I'll formalize this description with pseudocode where I replace the tapes with variables containing the remaining, unprocessed string. Note that I only look at its first element (head), and only replace it with a version where this element is removed (tail):

algorithm levdist(l,r):
  # nondeterministically compute an upper bound for the levenshtein distance
  # in a why where the real distance is among the possible results
  c := 0;
  while l and r are not both empty
    do one of these operations:
      - a:=head(l); b:=head(r); l:=tail(l); r:=tail(r); if a<>b then c:=c+1;
      - l:=tail(l); c:=c+1;
      - r:=tail(r); c:=c+1;
  return c;

Let's now simulate this computation with a nondeterministic (infinite) automaton over the alphabet of pairs of bits, such that the input $(l_1,r_1),(l_2,r_2)\dots(l_n,r_n)$ corresponds to input $(l_1l_2\dots l_n,r_1r_2\dots r_n)$ to the original machine.

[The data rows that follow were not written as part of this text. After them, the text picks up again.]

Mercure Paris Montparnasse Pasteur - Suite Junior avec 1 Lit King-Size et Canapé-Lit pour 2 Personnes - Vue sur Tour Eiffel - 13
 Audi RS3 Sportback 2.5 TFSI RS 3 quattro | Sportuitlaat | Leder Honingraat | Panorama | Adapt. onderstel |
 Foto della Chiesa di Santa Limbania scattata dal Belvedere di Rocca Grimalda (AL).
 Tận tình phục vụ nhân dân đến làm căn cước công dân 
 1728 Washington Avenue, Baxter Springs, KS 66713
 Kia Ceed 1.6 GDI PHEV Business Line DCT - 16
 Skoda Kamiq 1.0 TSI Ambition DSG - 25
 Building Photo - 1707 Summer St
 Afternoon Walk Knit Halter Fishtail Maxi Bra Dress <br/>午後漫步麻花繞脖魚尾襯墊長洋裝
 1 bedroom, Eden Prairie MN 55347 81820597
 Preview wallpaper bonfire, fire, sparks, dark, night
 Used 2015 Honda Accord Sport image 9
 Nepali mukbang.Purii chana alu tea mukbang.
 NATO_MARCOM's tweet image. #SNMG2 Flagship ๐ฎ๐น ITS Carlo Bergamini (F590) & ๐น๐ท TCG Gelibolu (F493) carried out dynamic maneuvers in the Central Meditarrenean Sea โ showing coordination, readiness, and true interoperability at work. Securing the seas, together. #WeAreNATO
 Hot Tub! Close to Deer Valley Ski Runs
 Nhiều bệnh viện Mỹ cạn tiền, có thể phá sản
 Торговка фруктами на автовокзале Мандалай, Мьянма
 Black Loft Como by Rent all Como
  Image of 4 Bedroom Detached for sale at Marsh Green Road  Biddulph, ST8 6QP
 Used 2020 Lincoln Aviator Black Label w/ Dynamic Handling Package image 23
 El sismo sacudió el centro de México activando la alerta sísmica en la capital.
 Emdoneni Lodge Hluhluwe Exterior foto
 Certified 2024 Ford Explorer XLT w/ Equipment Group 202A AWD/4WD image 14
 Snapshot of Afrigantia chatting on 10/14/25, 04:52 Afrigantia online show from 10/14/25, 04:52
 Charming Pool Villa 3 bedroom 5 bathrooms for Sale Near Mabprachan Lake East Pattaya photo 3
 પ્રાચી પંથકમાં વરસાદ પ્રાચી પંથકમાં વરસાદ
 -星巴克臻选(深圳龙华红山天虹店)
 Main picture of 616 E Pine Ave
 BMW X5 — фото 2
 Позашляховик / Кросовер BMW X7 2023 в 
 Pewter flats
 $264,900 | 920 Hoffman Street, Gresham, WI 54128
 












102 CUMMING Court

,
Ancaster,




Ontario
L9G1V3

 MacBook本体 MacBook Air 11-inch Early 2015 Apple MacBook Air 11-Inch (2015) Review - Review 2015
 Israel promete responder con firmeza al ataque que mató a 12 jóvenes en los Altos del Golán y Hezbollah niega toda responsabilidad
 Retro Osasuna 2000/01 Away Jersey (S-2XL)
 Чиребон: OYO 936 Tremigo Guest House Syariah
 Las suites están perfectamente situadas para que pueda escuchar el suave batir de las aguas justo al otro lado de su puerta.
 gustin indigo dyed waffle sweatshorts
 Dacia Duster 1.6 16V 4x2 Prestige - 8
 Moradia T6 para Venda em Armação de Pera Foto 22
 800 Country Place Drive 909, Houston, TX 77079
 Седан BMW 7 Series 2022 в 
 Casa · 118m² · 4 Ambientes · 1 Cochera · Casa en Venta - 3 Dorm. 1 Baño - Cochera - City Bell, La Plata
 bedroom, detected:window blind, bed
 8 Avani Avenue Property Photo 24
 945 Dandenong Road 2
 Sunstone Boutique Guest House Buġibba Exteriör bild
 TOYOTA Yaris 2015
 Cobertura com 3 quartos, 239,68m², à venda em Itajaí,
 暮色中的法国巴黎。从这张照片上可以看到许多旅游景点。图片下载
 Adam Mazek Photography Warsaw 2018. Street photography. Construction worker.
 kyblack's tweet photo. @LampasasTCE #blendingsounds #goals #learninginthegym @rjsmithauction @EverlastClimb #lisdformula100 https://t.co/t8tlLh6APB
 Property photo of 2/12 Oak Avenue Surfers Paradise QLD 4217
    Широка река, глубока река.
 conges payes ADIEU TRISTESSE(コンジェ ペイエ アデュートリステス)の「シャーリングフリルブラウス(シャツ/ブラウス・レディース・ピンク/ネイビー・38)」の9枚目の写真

Note that now the words are of the same length, a restriction we didn't need before.

The first machine can compare letters $a_i$ and $b_j$ at different positions. If e.g. $i<j$, the automaton has to read up to $(a_j,b_j)$ to know $b_j$, and then still must remember $a_i$ (and the following bits) in its state. So to be able to simulate the machine, the automaton will have states that know the counter, which (if any) tape is behind, and what the unprocessed bits on that tape were.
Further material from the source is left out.